Copy every entry word for word, but skip the pictures.

--- Input records ---

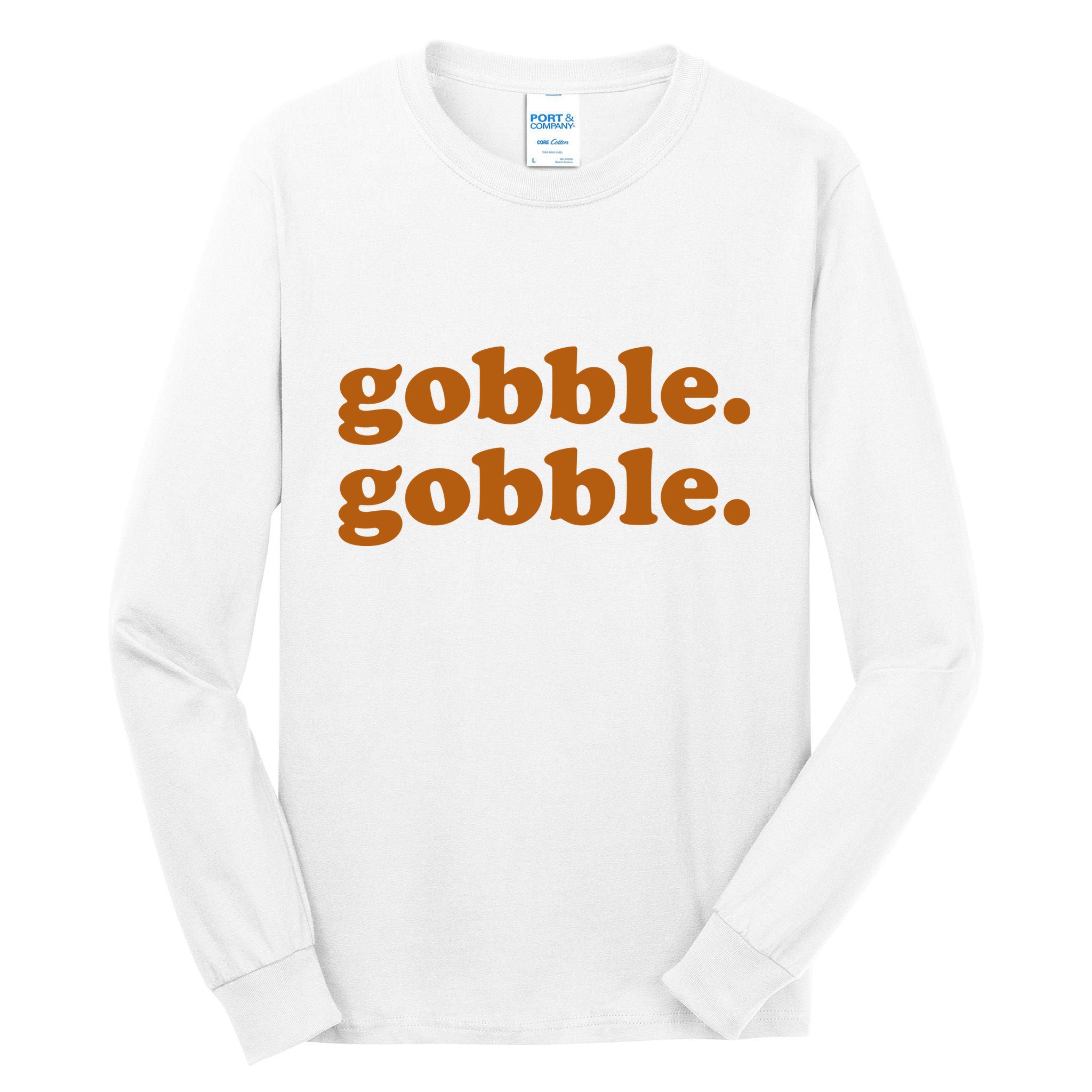 Gobble Gobble Thanksgiving Turkey Holiday Tall Long Sleeve T-Shirt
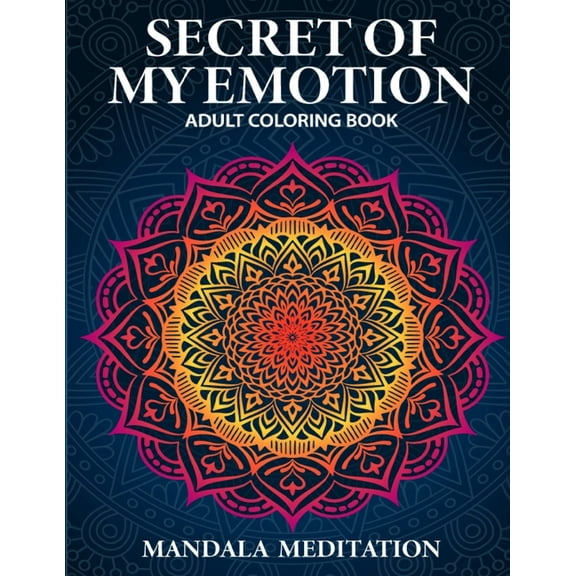 Secret of My Emotion: Adult Coloring Book, (Paperback)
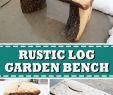 Sitzecke Garten Selber Bauen Frisch Simple Garden Bench From A Log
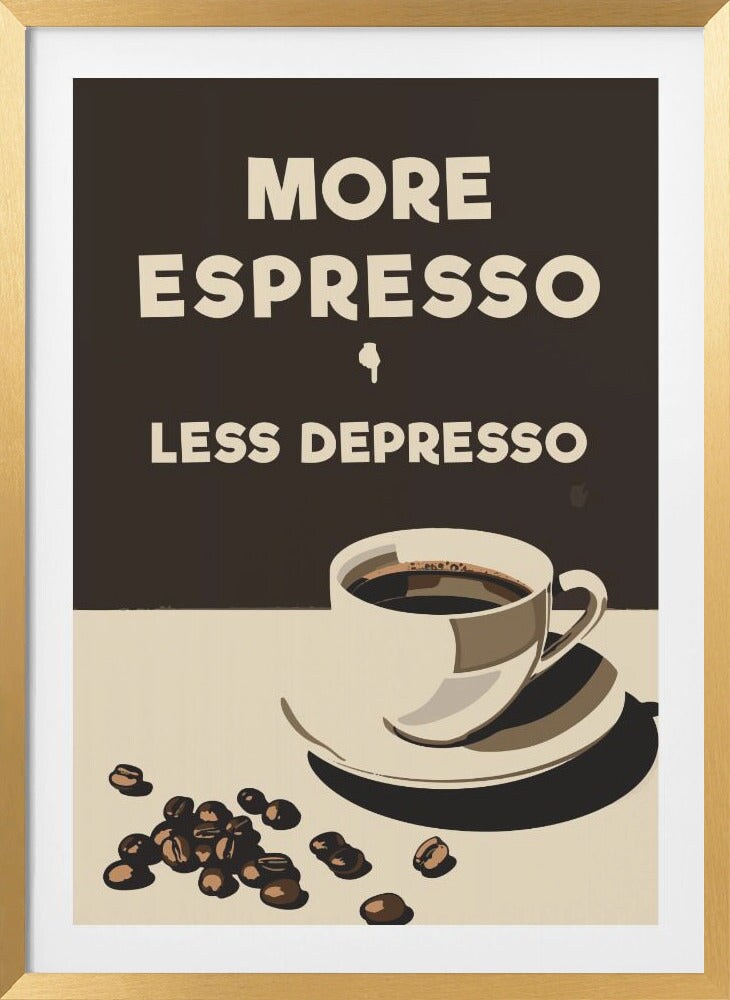 More Espresso - Less Depresso by Andreas Magnusson Framed Art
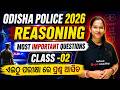 Odisha Police  2026 |(Class 2) Reasoning MOST IMPORTANT QS  | Reasoning By Susmita Ma'am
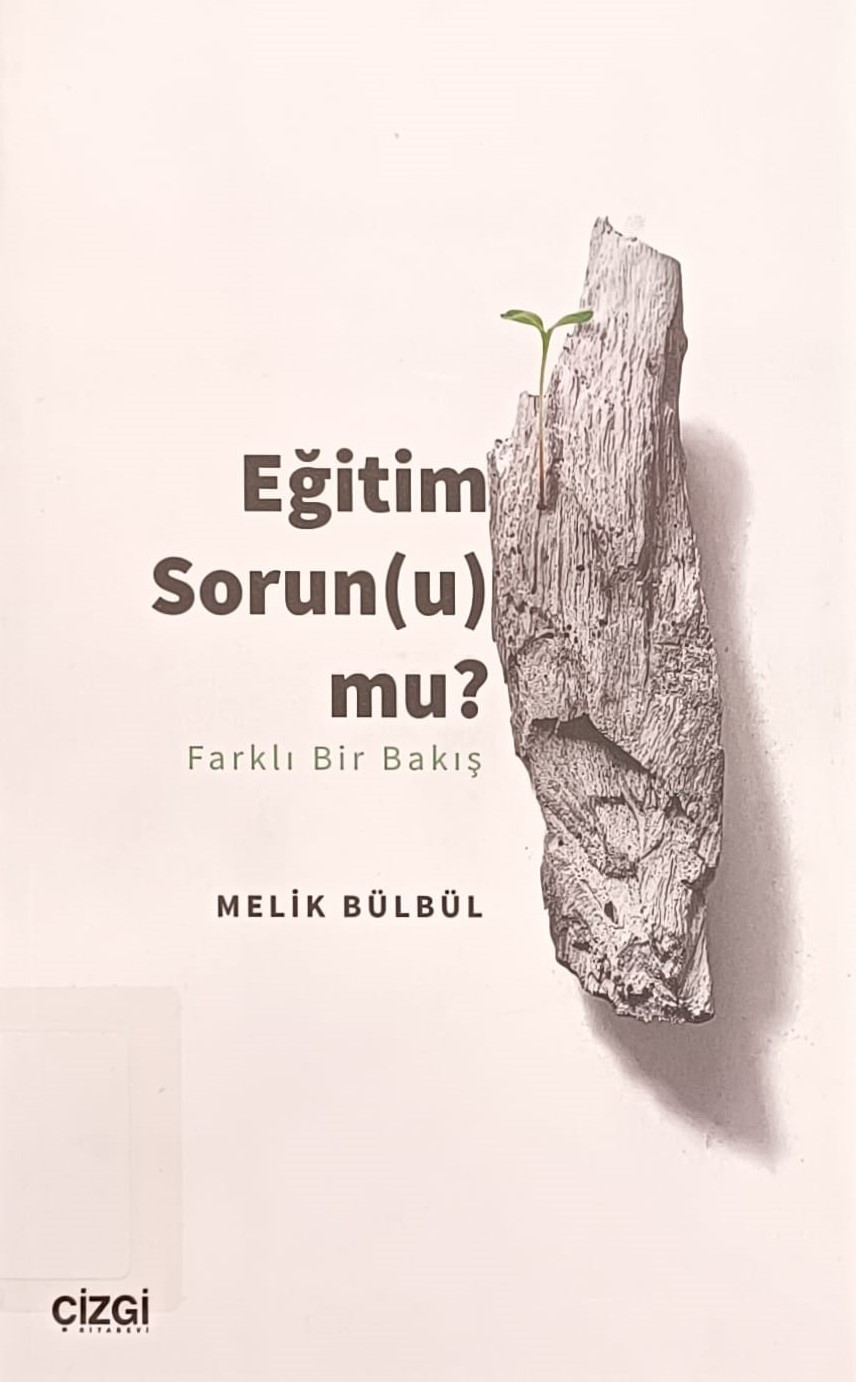 Eğitim sorun(u) mu? : farklı bir bakış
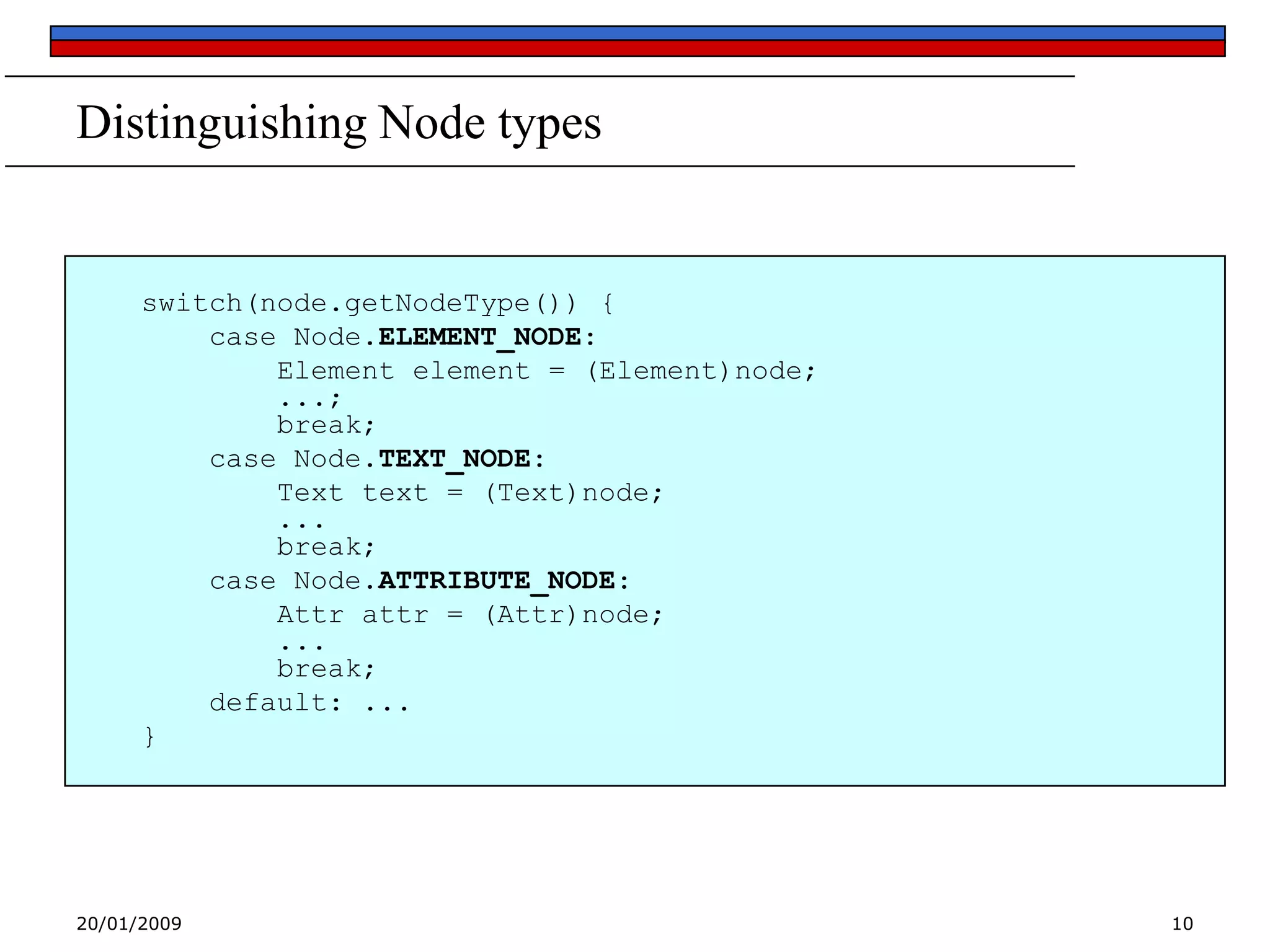 Distinguishing Node types

switch(node.getNodeType()) {
case Node.ELEMENT_NODE:
Element element = (Element)node;
...;
break;
case Node.TEXT_NODE:
Text text = (Text)node;
...
break;
case Node.ATTRIBUTE_NODE:
Attr attr = (Attr)node;
...
break;
default: ...
}

20/01/2009

10

 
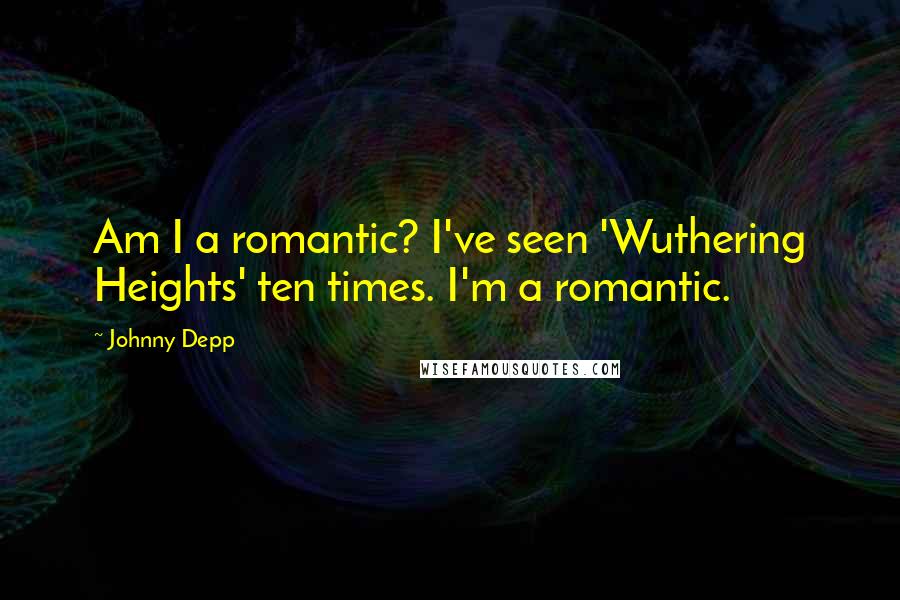 Johnny Depp Quotes: Am I a romantic? I've seen 'Wuthering Heights' ten times. I'm a romantic.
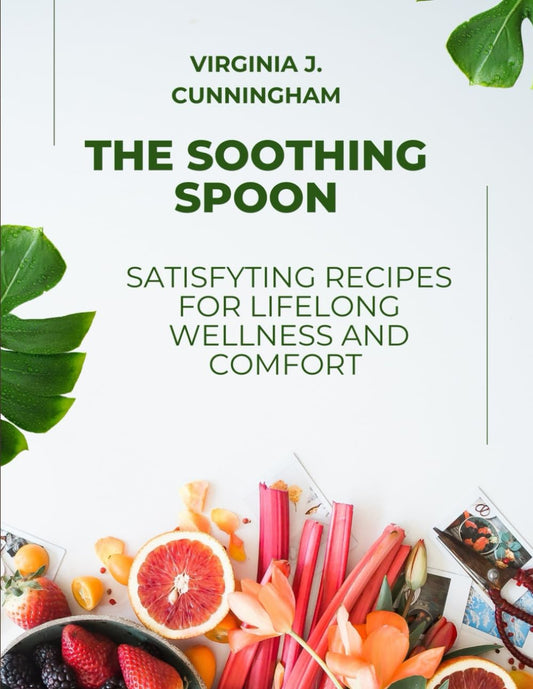 The Soothing Spoon: Satisfying Recipes For Lifelong Wellness And Comfort - 2477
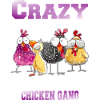 Crazy Chicken Gang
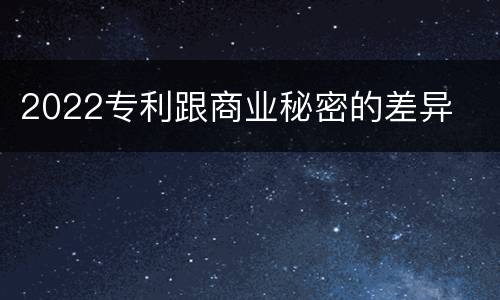 2022专利跟商业秘密的差异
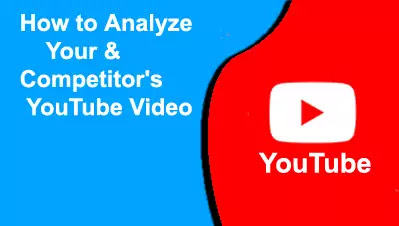 How to Analyze Your & Competitor's YouTube Video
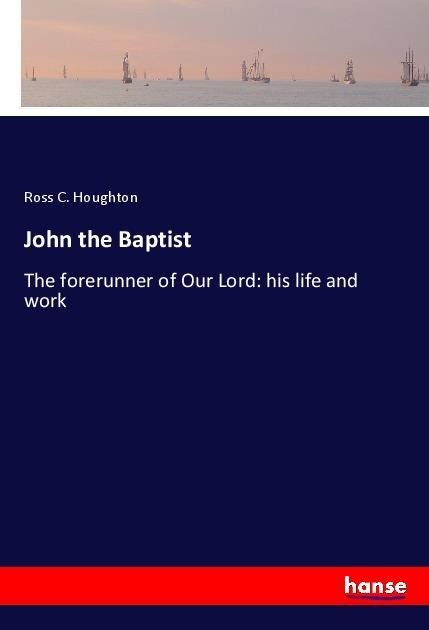 John the Baptist: The forerunner of Our Lord: his life and work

---

#### Exercise answer:
 Gobble Gobble Thanksgiving Turkey Holiday Tall Long Sleeve T-Shirt
 Secret of My Emotion: Adult Coloring Book, (Paperback)
 Sitzecke Garten Selber Bauen Frisch Simple Garden Bench From A Log
 More Espresso - Less Depresso by Andreas Magnusson Framed Art
 Odisha Police  2026 |(Class 2) Reasoning MOST IMPORTANT QS  | Reasoning By Susmita Ma'am
 Eğitim sorun(u) mu? : farklı bir bakış
 Distinguishing Node types

switch(node.getNodeType()) {
case Node.ELEMENT_NODE:
Element element = (Element)node;
...;
break;
case Node.TEXT_NODE:
Text text = (Text)node;
...
break;
case Node.ATTRIBUTE_NODE:
Attr attr = (Attr)node;
...
break;
default: ...
}

20/01/2009

10

 
 Johnny Depp Quotes: Am I a romantic? I've seen 'Wuthering Heights' ten times. I'm a romantic.
 The Soothing Spoon: Satisfying Recipes For Lifelong Wellness And Comfort - 2477
 Crazy Chicken Gang
 2022专利跟商业秘密的差异
 How to Analyze Your & Competitor's YouTube Video
 John the Baptist: The forerunner of Our Lord: his life and work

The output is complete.